I’ve been craving quesadillas lately. I’m not entirely sure what spawned this craving, but I’m going to blame the nachos I had last week. (I personally blame Nacho Mama for posting all of her mouthwatering nacho finds around the Boston area.) This craving could also be contributed to the fact that I made an impromptu quesadilla while in St. Thomas, complete with pinto beans in the cheesy inside and topped with freshly chopped lettuce and salsa. Man, did that hit the spot. Instead, I give you Black Bean Spinach Quesadilla with a crunchy outsides (thanks, skillet) and a gooey inside full of refried black beans, spinach and cheese. They’re lightened up with plain Greek yogurt for sour cream and corn tortillas for flour. Happy Meatless Monday!
Ingredients (serves 1).
- 1 large 9″ corn tortilla or tortilla of choice
- 1/3 c cheddar cheese or cheese of choice
- 1/4 c refried black beans *
- 2 T red bell peppers, chopped
- 8-10 baby spinach leaves, thinly chopped
- 1/4 an avocado, sliced
- 1-2 T plain Greek yogurt
- 1/4 c medium salsa
* NOTE: feel free to swap in chicken, turkey, lean beef or pork for a carnivore version. I made this for Meatless Monday. I would add the same spices you use to make chili to add more flavor when cooking the meat.
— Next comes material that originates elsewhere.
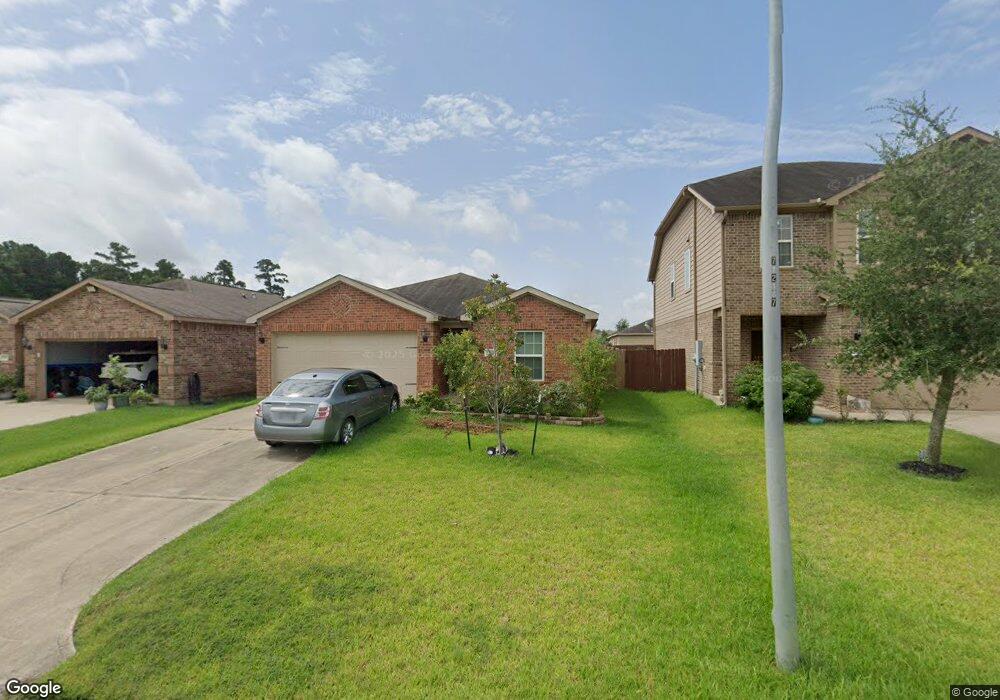 12011 Quartersawn Ln, Pinehurst, TX 77362 - photo 1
- In a large greased pan or skillet, heat until hot over medium heat.
- Once hot, place tortilla and evenly distribute with cheese. On one half, evenly spread refried beans, peppers and spinach. Garnish with fresh lime juice.
- When cheese melts, fold the cheese half onto the half with the beans and veggies. Then, press down with a spatula for a few seconds to ensure melting.
- After a few minutes, remove quesadilla from heat when beginning to brown and cut into pieces.
- Plate with Greek yogurt, salsa of choice and avocado slices.